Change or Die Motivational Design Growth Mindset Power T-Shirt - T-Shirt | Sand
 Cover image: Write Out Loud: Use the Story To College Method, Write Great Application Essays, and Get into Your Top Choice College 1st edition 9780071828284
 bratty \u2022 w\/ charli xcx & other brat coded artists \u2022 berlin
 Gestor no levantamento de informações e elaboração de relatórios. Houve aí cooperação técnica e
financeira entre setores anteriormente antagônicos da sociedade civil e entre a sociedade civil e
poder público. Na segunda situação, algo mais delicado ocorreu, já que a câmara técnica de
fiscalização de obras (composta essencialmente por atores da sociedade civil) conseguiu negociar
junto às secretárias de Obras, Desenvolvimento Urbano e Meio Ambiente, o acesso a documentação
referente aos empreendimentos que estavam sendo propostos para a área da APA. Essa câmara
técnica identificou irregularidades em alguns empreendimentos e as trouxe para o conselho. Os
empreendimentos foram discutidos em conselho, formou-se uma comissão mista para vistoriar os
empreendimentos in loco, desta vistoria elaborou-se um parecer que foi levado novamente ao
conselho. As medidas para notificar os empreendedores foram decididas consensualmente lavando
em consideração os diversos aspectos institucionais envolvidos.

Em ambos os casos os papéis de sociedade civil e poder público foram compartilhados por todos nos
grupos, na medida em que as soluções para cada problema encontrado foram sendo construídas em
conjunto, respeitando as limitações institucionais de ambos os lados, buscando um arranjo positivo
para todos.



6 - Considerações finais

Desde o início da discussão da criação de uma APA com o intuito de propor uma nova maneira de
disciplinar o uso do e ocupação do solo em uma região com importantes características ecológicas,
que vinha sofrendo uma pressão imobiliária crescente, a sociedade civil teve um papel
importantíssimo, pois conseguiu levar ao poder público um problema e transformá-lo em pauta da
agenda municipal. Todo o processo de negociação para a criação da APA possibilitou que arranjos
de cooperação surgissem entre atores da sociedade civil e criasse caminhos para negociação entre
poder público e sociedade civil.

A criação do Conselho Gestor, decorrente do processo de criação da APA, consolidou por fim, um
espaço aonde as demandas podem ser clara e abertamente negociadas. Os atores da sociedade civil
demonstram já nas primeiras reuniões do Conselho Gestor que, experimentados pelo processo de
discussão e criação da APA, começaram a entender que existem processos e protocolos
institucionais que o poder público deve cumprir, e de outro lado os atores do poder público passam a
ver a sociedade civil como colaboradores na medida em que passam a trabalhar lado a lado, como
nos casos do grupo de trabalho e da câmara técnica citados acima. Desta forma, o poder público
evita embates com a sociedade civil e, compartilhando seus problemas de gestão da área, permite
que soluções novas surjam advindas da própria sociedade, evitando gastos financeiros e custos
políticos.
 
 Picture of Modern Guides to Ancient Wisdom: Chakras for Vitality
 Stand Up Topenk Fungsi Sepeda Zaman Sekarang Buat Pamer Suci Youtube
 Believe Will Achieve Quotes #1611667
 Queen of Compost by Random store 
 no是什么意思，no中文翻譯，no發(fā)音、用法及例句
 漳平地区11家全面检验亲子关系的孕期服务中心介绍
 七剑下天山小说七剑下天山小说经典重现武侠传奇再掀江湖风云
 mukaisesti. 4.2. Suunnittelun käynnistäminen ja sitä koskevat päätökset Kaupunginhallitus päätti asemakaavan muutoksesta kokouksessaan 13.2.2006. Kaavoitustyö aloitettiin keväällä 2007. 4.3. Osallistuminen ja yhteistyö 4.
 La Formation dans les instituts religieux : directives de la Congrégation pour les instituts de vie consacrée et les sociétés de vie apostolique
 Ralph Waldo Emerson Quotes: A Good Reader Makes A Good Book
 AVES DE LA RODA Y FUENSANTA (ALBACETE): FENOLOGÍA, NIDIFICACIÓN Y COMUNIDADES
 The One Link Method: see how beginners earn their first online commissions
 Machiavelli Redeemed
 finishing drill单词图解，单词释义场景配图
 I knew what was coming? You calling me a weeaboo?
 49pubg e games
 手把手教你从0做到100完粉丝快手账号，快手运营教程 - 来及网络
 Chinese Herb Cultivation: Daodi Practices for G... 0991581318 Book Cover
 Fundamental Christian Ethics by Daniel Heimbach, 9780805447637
-------------------------
YOUR ASSIGNMENT> Every line from the one containing "七剑下天山小说七剑下天山小说经典重现武侠传奇再掀江湖风云" through the last line above should be retyped exactly; no other lines are wanted.

EXERCISE SOLUTION>
 七剑下天山小说七剑下天山小说经典重现武侠传奇再掀江湖风云
 mukaisesti. 4.2. Suunnittelun käynnistäminen ja sitä koskevat päätökset Kaupunginhallitus päätti asemakaavan muutoksesta kokouksessaan 13.2.2006. Kaavoitustyö aloitettiin keväällä 2007. 4.3. Osallistuminen ja yhteistyö 4.
 La Formation dans les instituts religieux : directives de la Congrégation pour les instituts de vie consacrée et les sociétés de vie apostolique
 Ralph Waldo Emerson Quotes: A Good Reader Makes A Good Book
 AVES DE LA RODA Y FUENSANTA (ALBACETE): FENOLOGÍA, NIDIFICACIÓN Y COMUNIDADES
 The One Link Method: see how beginners earn their first online commissions
 Machiavelli Redeemed
 finishing drill单词图解，单词释义场景配图
 I knew what was coming? You calling me a weeaboo?
 49pubg e games
 手把手教你从0做到100完粉丝快手账号，快手运营教程 - 来及网络
 Chinese Herb Cultivation: Daodi Practices for G... 0991581318 Book Cover
 Fundamental Christian Ethics by Daniel Heimbach, 9780805447637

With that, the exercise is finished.